- PROBLEM STATEMENT
For the data below, give again exactly the lines from the one containing "Delbar dragkedja offvit 20 cm" through the one containing "Druid Horns Headphone", both ends included, and no others.

- MATERIAL FOR THE TASK
'''

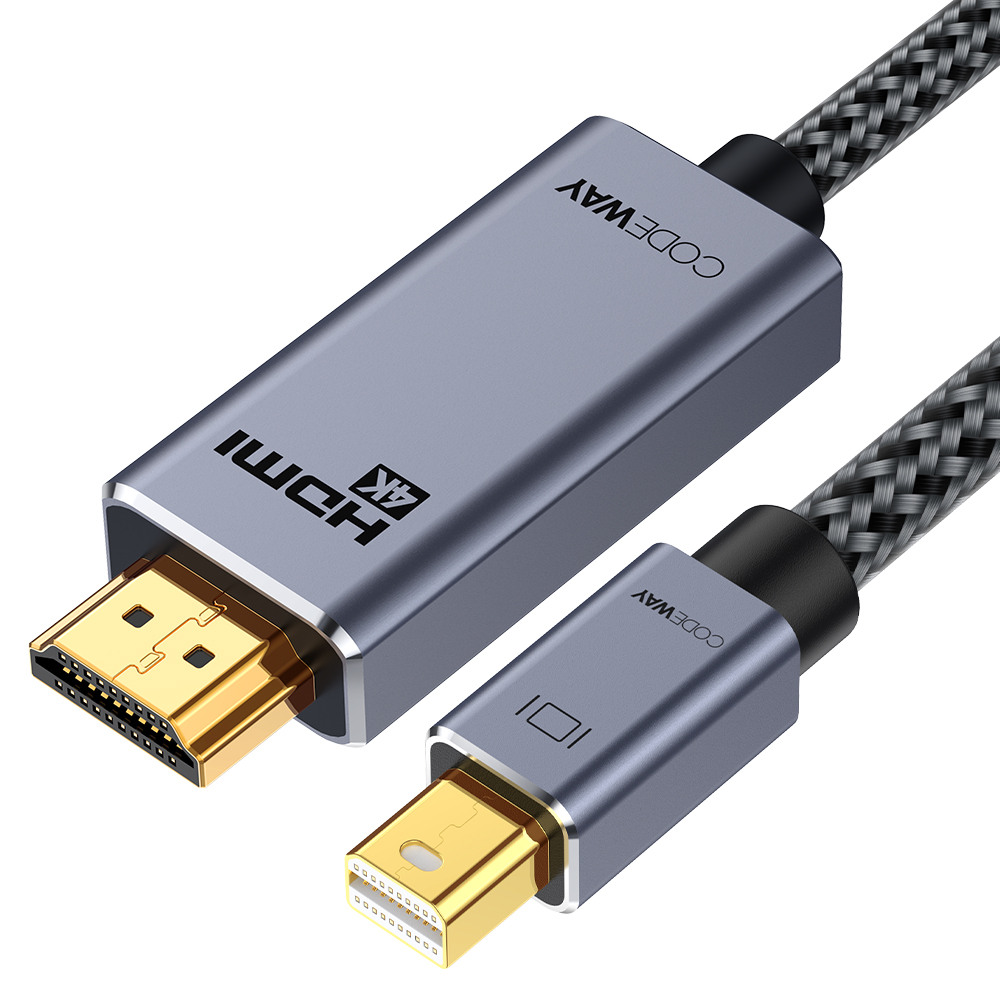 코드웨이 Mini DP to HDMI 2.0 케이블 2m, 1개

'''
'''

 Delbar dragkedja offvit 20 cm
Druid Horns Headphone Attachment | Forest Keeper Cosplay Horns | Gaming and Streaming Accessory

'''
'''

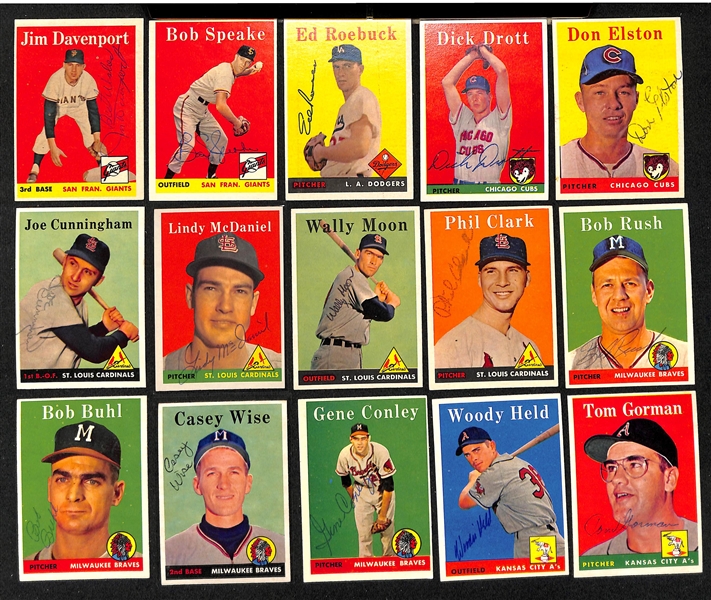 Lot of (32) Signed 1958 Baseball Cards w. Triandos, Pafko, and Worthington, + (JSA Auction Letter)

'''

- ANSWER FOR THE TASK
 Delbar dragkedja offvit 20 cm
Druid Horns Headphone Attachment | Forest Keeper Cosplay Horns | Gaming and Streaming Accessory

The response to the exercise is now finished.